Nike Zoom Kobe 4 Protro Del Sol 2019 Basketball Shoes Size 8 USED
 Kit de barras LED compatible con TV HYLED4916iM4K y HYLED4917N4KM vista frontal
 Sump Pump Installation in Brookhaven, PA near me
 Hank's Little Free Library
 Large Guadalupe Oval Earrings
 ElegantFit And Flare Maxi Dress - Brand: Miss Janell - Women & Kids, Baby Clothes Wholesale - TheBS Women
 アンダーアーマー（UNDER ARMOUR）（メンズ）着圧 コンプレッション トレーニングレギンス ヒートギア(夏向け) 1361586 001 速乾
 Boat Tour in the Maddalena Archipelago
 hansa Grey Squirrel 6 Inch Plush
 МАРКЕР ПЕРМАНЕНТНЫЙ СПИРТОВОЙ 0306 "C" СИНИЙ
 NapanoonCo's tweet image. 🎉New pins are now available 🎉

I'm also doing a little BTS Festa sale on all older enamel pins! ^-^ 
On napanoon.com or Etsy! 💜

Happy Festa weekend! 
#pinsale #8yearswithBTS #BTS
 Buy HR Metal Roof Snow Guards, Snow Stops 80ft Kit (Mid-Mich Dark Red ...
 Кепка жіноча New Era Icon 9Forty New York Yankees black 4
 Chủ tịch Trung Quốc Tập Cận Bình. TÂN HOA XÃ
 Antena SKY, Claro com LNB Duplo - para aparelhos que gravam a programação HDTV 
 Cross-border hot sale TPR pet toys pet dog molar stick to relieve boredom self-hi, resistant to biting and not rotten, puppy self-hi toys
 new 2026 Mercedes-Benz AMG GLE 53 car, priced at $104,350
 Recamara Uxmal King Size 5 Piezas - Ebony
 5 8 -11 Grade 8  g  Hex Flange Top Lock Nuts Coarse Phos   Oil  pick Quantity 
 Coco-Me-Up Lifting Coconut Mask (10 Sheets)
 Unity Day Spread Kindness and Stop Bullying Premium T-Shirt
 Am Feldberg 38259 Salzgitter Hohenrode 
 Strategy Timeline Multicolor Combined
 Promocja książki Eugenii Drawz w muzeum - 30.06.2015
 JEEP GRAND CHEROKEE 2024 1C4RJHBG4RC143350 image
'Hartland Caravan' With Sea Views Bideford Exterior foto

▸ EXERCISE INSTRUCTIONS
Could you write out only the lines of the listing above from the one that contains "JEEP GRAND CHEROKEE" through its final line, exactly and inclusive?

▸ ANSWER AREA
 JEEP GRAND CHEROKEE 2024 1C4RJHBG4RC143350 image
'Hartland Caravan' With Sea Views Bideford Exterior foto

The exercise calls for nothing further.